Fortschritte in Hinblick auf die Rechte von Menschen mit Behinderungen sind insgesamt gering und Barrierefreiheit ist in vielen Lebensbereichen nicht gegeben. Unzureichendes politisches Engagement und der dauerhafte Widerstand bei den gut finanzierten ausgrenzenden Strukturen, einschließlich Förderschulen, Behindertenwerkstätten und Wohnheime für Personen mit Behinderungen, erschweren nach wie vor die Verwirklichung eines unabhängigen Lebens in der Gemeinschaft für Menschen mit Behinderungen.
"Die Behörden sollten in integrative Strukturen investieren und den Übergang von getrennten Lebensstilen zu Inklusion in qualitativ hochwertigen Mainstream-Einrichtungen beschleunigen", so die Kommissarin.

Ungeachtet der wachsenden Anzahl der gemeldeten Fälle von Diskriminierung scheinen der Förderung der vollumfänglichen und wirksamen Gleichstellung in allen Bereichen nicht genügend politische Aufmerksamkeit und Ressourcen gewidmet zu werden.
"Ich begrüße es, dass die Regierung sich verpflichtet hat, die Wirksamkeit des Gleichstellungsgesetzes zu verbessern, das weithin als unzureichend betrachtet wird, aber es wurde noch kein Zeitplan erstellt. Besondere Aufmerksamkeit sollte der wachsenden Fremdenfeindlichkeit und dem Rassismus gewidmet werden, die das Potenzial haben, den sozialen Zusammenhalt zu untergraben und demokratische Institutionen zu destabilisieren", betont sie.

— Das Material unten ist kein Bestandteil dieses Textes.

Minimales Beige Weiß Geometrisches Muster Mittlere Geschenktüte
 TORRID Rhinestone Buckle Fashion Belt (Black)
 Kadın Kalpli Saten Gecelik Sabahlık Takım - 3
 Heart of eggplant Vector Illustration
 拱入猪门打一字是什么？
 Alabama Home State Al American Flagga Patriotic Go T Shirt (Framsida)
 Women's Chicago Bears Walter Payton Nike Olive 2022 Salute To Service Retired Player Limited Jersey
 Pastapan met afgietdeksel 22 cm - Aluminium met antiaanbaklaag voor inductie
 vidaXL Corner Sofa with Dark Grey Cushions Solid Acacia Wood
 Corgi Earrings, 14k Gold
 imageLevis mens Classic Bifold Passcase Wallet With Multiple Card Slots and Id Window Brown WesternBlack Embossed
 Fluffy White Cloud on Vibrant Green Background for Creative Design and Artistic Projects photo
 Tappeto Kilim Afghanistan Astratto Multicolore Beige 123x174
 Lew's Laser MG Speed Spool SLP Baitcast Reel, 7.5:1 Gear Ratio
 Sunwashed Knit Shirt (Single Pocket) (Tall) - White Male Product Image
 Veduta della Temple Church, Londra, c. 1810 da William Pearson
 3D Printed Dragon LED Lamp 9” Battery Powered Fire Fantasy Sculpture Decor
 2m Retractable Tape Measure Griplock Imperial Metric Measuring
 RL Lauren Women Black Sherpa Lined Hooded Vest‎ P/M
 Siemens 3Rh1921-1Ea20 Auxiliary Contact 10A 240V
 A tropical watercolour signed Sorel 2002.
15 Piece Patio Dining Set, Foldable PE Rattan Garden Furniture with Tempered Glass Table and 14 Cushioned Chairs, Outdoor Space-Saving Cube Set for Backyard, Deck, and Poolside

Die Kommissarin begrüßt die Aufstockung der Mittel für das nationale Menschenrechtsinstitut und die Bemühungen zur Stärkung der Unabhängigkeit der nationalen Gleichstellungsbehörde, stellt jedoch fest, dass beide geringere Befugnisse haben als vergleichbare andere Strukturen in Europa und dass das Bewusstsein für Menschenrechte allgemein niedrig ist. Die Behörden sollten die Reform des Gleichstellungsgesetzes beschleunigen und umfassende Sensibilisierungs- und Schulungsmaßnahmen zu den geltenden Normen durchführen.